- _WHAT YOU SHOULD DO_
Make an exact copy of the listing below. Pictures stay out of it.

- _DATASET EXTRACT_

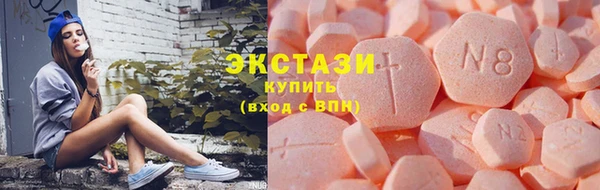 кокаин колумбия Балахна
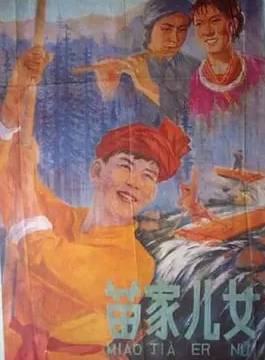 崔超明 崔超明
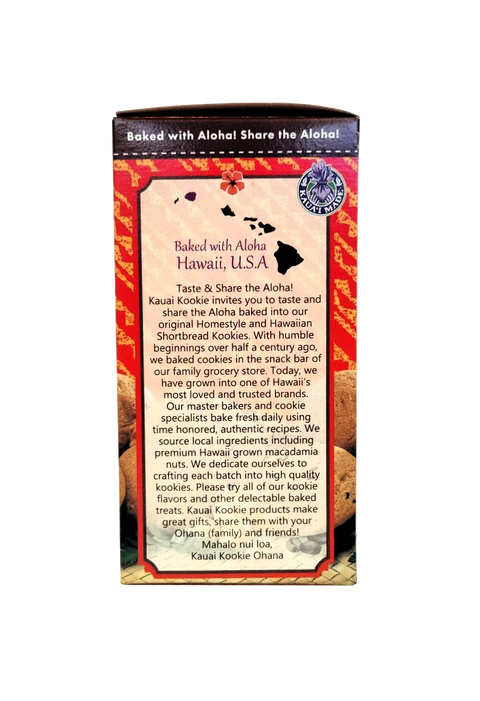 Kauai Kookie Almond Cookies 4.5oz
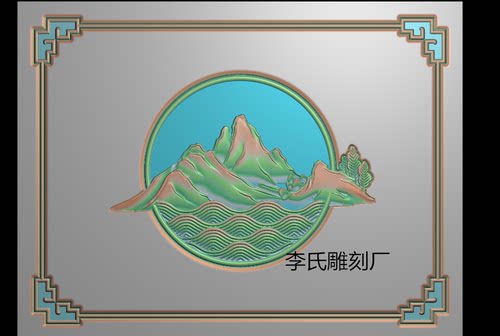 李氏雕刻厂精雕图风景山水靠背浮雕图时候浪花 灰度图 大象后背板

- _WRITTEN ANSWER_
 кокаин колумбия Балахна
 崔超明 崔超明
 Kauai Kookie Almond Cookies 4.5oz
 李氏雕刻厂精雕图风景山水靠背浮雕图时候浪花 灰度图 大象后背板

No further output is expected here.